Dataset entries:
+---+

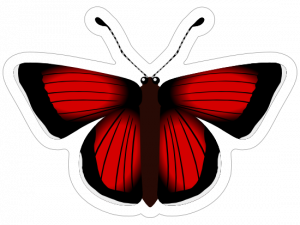 Black Butterfly PNG Picture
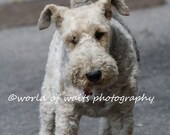 Chien de Marseille/Dog in Marseille, France- 5 x 7 Photo/French Art Photo/Fine Art Print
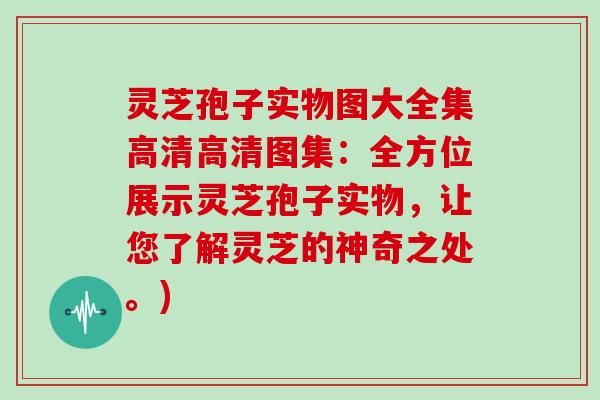 灵芝孢子实物图大全集高清高清图集：全方位展示灵芝孢子实物，让您了解灵芝的神奇之处。)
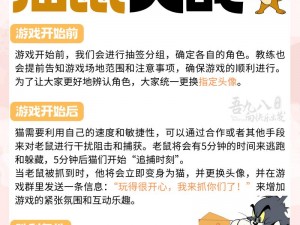 猫鼠手游熟练度：提升技巧、乐趣与竞技力的多重作用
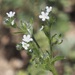 Lappula occidentalis - Photo (c) Suzanne Dingwell, μερικά δικαιώματα διατηρούνται (CC BY-NC), uploaded by Suzanne Dingwell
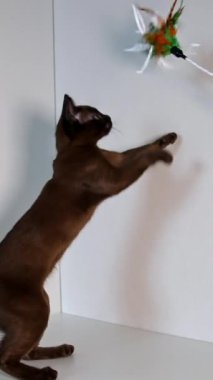 Sevimli kediyle oynayan bir kadın eli. Kahverengi soylu kedi yavrusu beyaz arka planda renkli bir oyuncakla oynuyor. Evdeki güzel kısa saçlı Burmalı kedi. Dikey video
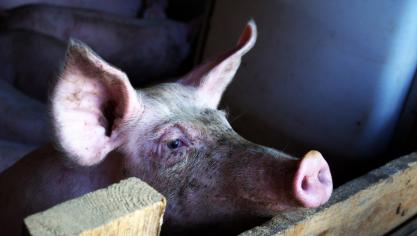 cochon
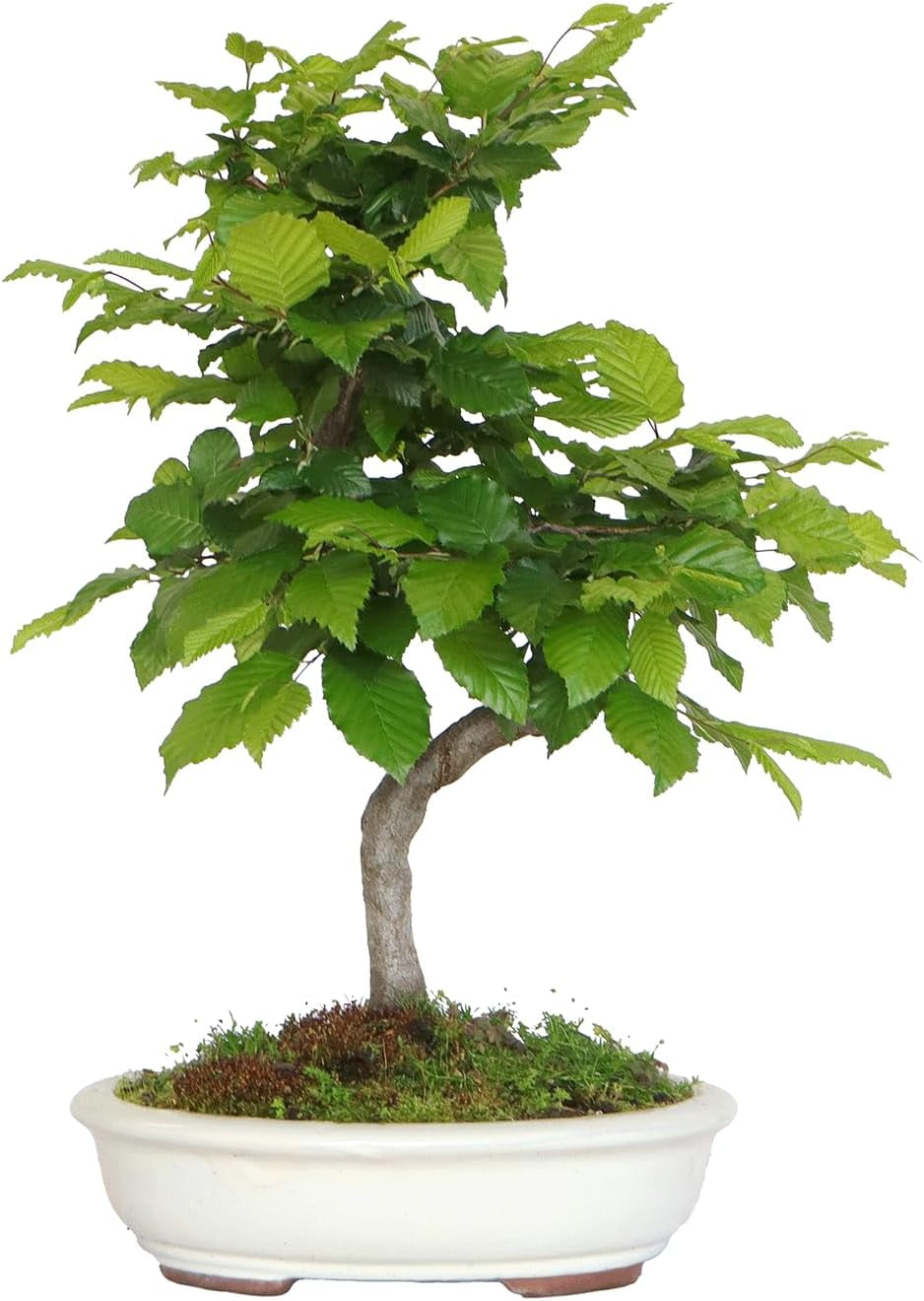 KENTIS - Hainbuche Bonsai - Carpinus Betulus - Echte Zierpflanzen Für Draußen - Garten Balkon Terrasse - H 45/55 Cm Ø 26 Cm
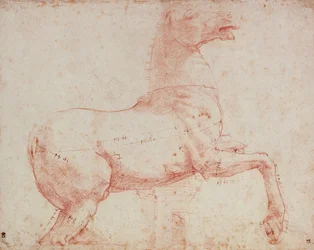 Undersøgelse for marmorhest af Quirinal (rødt kridt på papir)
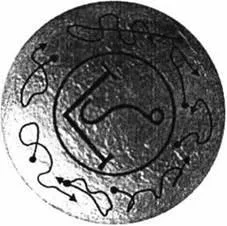 D:\0 wd yedek\acr yedek\1 film indirme\forbidden_magic_ancients_12_dosyalar\image219.jpg
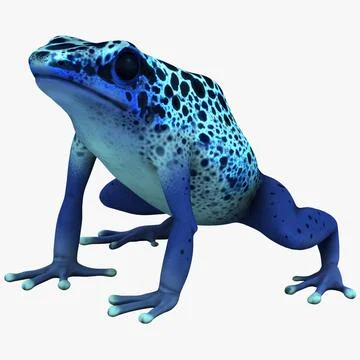 Poison Dart Frog 3D Model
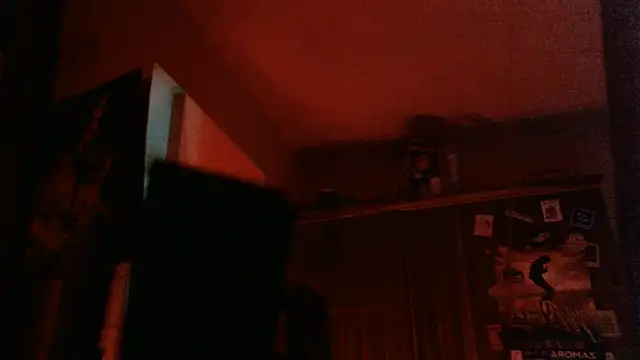 bravo23toro's Webcam Show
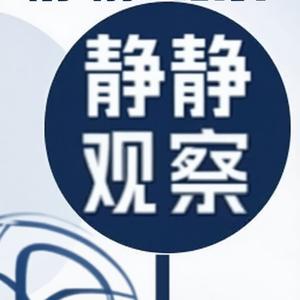 静静的观察头像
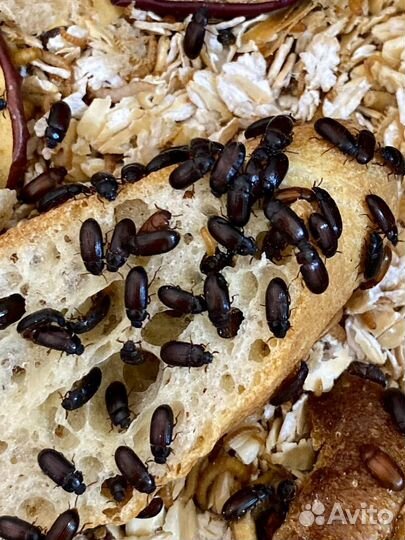 Личинки жука знахаря, жук знахарь, куколки знахаря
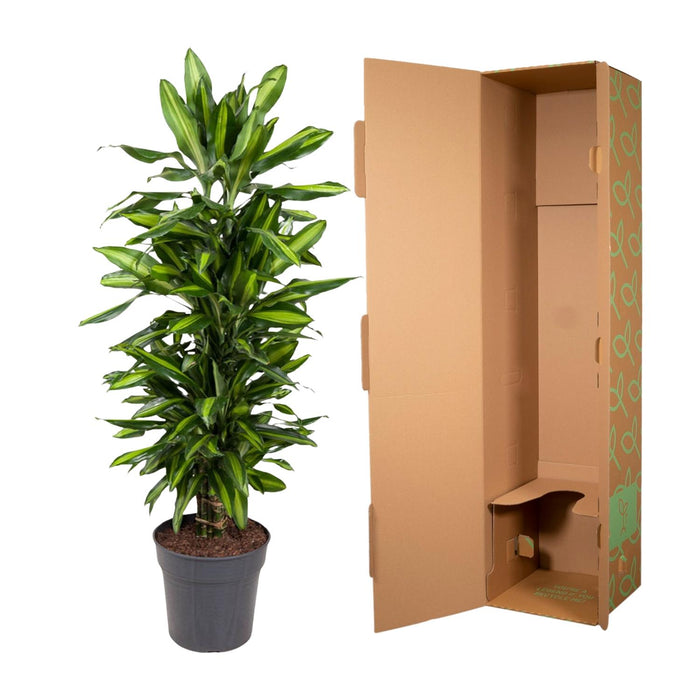 Dracaena Cintho vertakt - ↕120cm - Ø27cm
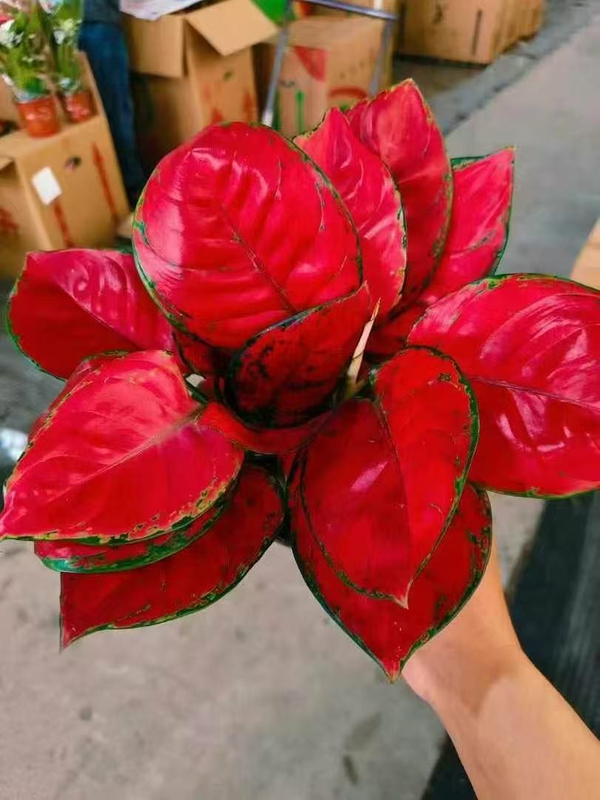 Red Beauty Aglaonema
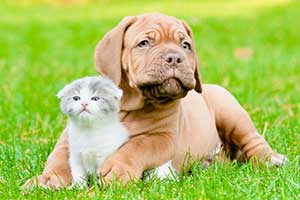 Puppy & Kitten Care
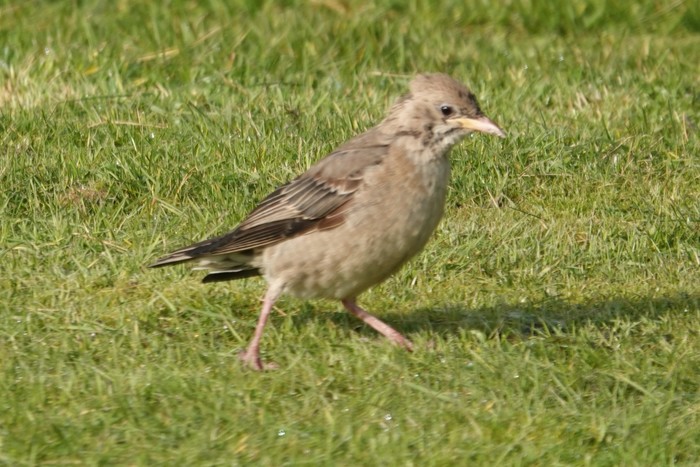 Rose-coloured Starling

+---+

__EXERCISE BRIEF__. Retype the entries verbatim and drop the pictures.

__YOUR SOLUTION__.
 Black Butterfly PNG Picture
 Chien de Marseille/Dog in Marseille, France- 5 x 7 Photo/French Art Photo/Fine Art Print
 灵芝孢子实物图大全集高清高清图集：全方位展示灵芝孢子实物，让您了解灵芝的神奇之处。)
 猫鼠手游熟练度：提升技巧、乐趣与竞技力的多重作用
 Lappula occidentalis - Photo (c) Suzanne Dingwell, μερικά δικαιώματα διατηρούνται (CC BY-NC), uploaded by Suzanne Dingwell
 Sevimli kediyle oynayan bir kadın eli. Kahverengi soylu kedi yavrusu beyaz arka planda renkli bir oyuncakla oynuyor. Evdeki güzel kısa saçlı Burmalı kedi. Dikey video
 cochon
 KENTIS - Hainbuche Bonsai - Carpinus Betulus - Echte Zierpflanzen Für Draußen - Garten Balkon Terrasse - H 45/55 Cm Ø 26 Cm
 Undersøgelse for marmorhest af Quirinal (rødt kridt på papir)
 D:\0 wd yedek\acr yedek\1 film indirme\forbidden_magic_ancients_12_dosyalar\image219.jpg
 Poison Dart Frog 3D Model
 bravo23toro's Webcam Show
 静静的观察头像
 Личинки жука знахаря, жук знахарь, куколки знахаря
 Dracaena Cintho vertakt - ↕120cm - Ø27cm
 Red Beauty Aglaonema
 Puppy & Kitten Care
 Rose-coloured Starling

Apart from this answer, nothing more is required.